88 La procédure revêtant, à l’égard des parties au principal, le caractère d’un incident soulevé devant la juridiction de renvoi, il appartient à celle-ci de statuer sur les dépens. Les frais exposés pour soumettre des observations à la Cour, autres que ceux desdites parties, ne peuvent faire l’objet d’un remboursement.

Par ces motifs, la Cour (cinquième chambre) dit pour droit :

1) L’article 12, paragraphes 3 et 4, de la directive 2014/24/UE du Parlement européen et du Conseil, du 26 février 2014, sur la passation des marchés publics et abrogeant la directive 2004/18/CE,

doit être interprété en ce sens que :

il produit des effets directs dans le cadre de litiges opposant des personnes morales de droit public au sujet de l’attribution directe de marchés publics, alors que l’État membre concerné s’est abstenu de transposer cette directive dans l’ordre juridique national dans les délais impartis.

2) L’article 12, paragraphe 3, second alinéa, sous i), de la directive 2014/24

doit être interprété en ce sens que :

afin d’établir qu’un pouvoir adjudicateur exerce, conjointement avec d’autres pouvoirs adjudicateurs, un contrôle sur la personne morale adjudicataire analogue à celui qu’ils exercent sur leurs propres services, l’exigence visée à cette disposition, tenant à ce qu’un pouvoir adjudicateur soit représenté dans les organes décisionnels de la personne morale contrôlée, n’est pas satisfaite au seul motif que siège au conseil d’administration de cette personne morale le représentant d’un autre pouvoir adjudicateur qui fait également partie du conseil d’administration du premier pouvoir adjudicateur.

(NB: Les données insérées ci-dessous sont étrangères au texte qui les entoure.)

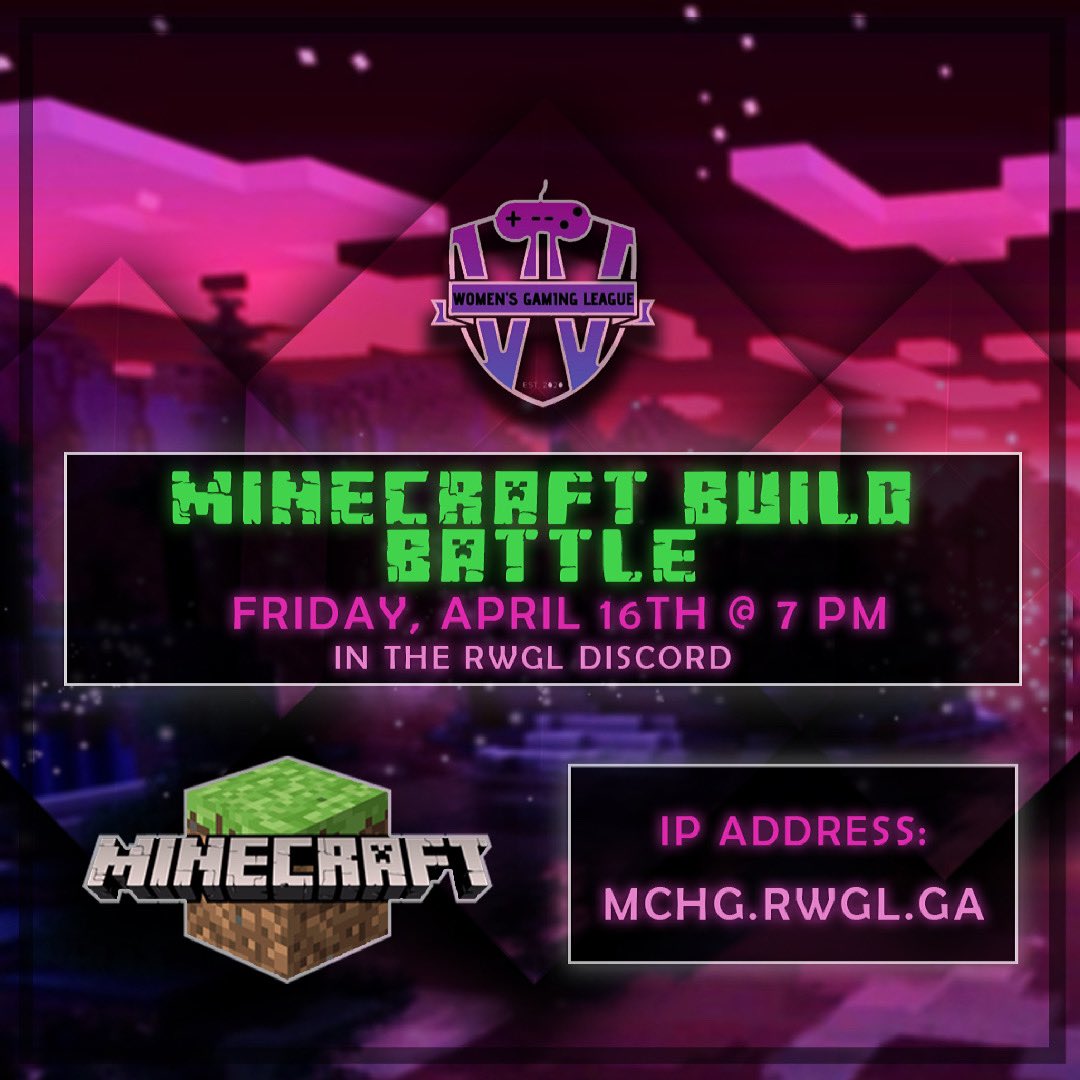 Rutgers Womens Gaming League tweet media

3) L’article 12, paragraphe 4, de la directive 2014/24

doit être interprété en ce sens que :

n’est pas exclu du champ d’application de cette directive un marché public par lequel sont confiées à un pouvoir adjudicateur des missions de service public qui s’inscrivent dans le cadre d’une relation de coopération entre d’autres pouvoirs adjudicateurs, lorsque, par l’accomplissement de telles missions, le pouvoir adjudicateur à qui ces missions ont été confiées ne cherche pas à atteindre des objectifs qu’il partagerait avec les autres pouvoirs adjudicateurs, mais se limite à contribuer à la réalisation d’objectifs que seuls ces autres pouvoirs adjudicateurs ont en commun.